Business Capability Mapping in Envision
Our customers have been using Envision to map business architecture and business processes for many years. We have noted a trend towards linking these maps to a Business Capabilities Model. Capability maps in Envision are gaining popularity because they provide a method to represent complex business environments so that they can be easily digested by executives. The Envision 12 release includes a business capability template to speed up the creation of these capability models and linking them to the other disciplines in Envision.
One Customer used Envision Models including Capabilities to re-focus their business on their strengths and to let go activities where they were ‘also-rans.’ The Customer is a household name across the USA whose profits have soared in the last decade.
What is a Business Capability?
A business capability is what a business does. The Business Architecture Guild describes a capability as “a particular ability or capacity that a business may possess to achieve a specific purpose or output.” It does not express the ‘where’, ‘why’, or ‘how’.

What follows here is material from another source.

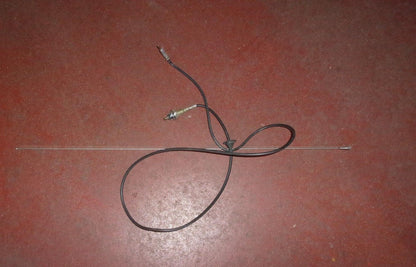 1981-1993 Dodge Ram 150 250 350 Pickup Radio Aerial and Cable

A capability is easily distinguished from other organizational pillars of activity by the fact it is expressed as a noun. If something is expressed as a verb it is more likely to be a business process or a value stream.
- ‘Provide Information Services to the business’ is not a capability
- ‘Information Management’ is.
Information Management is defined as the “Ability to define, organize, structure, secure, protect, and disseminate facts, statistics, attributes, and other types of data about an organization’s set of business objects.”
Capability Mapping - Top Tips
- All Capabilities have an owner and should be regularly assessed for maturity.
- Capabilities are normally associated with Business Processes and must be linked to a Value Stream.
- Most Capabilities can be decomposed into multiple levels. In our experience, the most successful models have 2 to 5 sublevels.
- Most Capability Models in Envision link capabilities to Risk, Operating Costs, Skills Registers, Quality Measurement as well as Activity or Business Processes
Capability Models can help identify redundancies and create tangible cost savings. McKinsey reports that capability models can facilitate technology risk mitigation.
Business Capability Maps have a valuable role in the creation of a comprehensible multi-disciplined view of the organization. They define what a business is currently doing and helps define the changes required to leverage future opportunities. These maps deliver a common view across the organization and are a core asset enabling discussion and planning. Most importantly, they link with other disciplines (BPM, BPMM, EA, IGOE, Customer Journey) in the Envision Repository, to create that Single Source of Truth to guide executives to be innovative and agile.